Cell cycle inhibitors for liver cancer treatment

Abstract

Cell cycle inhibitors have a long clinical history as cancer treatment. Cell cycle inhibitors are effective in suppressing cancer cells which undergo rapid cell division. We found that besides arresting cell cycle, the inhibitors combated cancer via a new mechanism – STING signaling pathway. We demonstrated that the common cell cycle drugs including Paclitaxel (microtubule stabilizer), Palbociclib (CDK4/6 inhibitor), AZD1152 and GSK1070916 (aurora kinase B inhibitors), and CFI-402257 (TTK inhibitor) have anti-cancer functions beyond arresting cell cycle. They consistently caused cytosolic DNA accumulation, which inadvertently triggered the cytosolic DNA sensor DDX41, and activated STING-TBK1-IRF3/7 pathway to secrete pro-inflammatory senescence-associated secretory phenotype (SASP). Interestingly, we found that DDX41 is a transcriptional target of hypoxia-inducible factor (HIF). Hypoxia induces expression of DDX41 through HIF-1, making hypoxic HCC cells more sensitive to the cell cycle inhibitors in STING activation and SASP production. The SASP altered the tumor microenvironment and triggered immune cells infiltration into tumor core for cancer clearance. We also showed that Paclitaxel, Palbociclib, and AZD1152 effectively perturbed HCC growth when used in combination with anti-PD-1 antibody. Our study revealed the novel immune-mediated tumor-suppressing properties of cell cycle inhibitors and suggested the potential of combined treatment with immunotherapy as a new therapeutic approach to eradicate HCC with promising result.
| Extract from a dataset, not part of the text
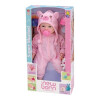 Muñeca bebé recién nacida con pijama New Born Muñeca bebé recién nacida con pijama New Born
However, the greatest barricade that stops cell cycle inhibitors from being the most effective anticancer drugs is the resistance that gained by the cancer cells, possibly by escape or compensatory mechanism. Therefore, identifying the genes that contribute to drug resistance and understanding the mechanism behind are critical in sensitizing the resistant cells to the drug treatment again. By using genome-scale CRISPR-Cas9 knockout library, we identified CDC7 as TTK inhibitor-resistant gene. Inhibiting both TTK and CDC7 suppressed HCC tumor growth by accelerating DNA damage in cells and promoting genome instability. Our study suggested the potential of combined treatment of TTK inhibitor with CDC7 inhibitor to improve the efficacy of current liver cancer therapies and to block the tumor from acquiring resistance towards the anti-cancer drugs.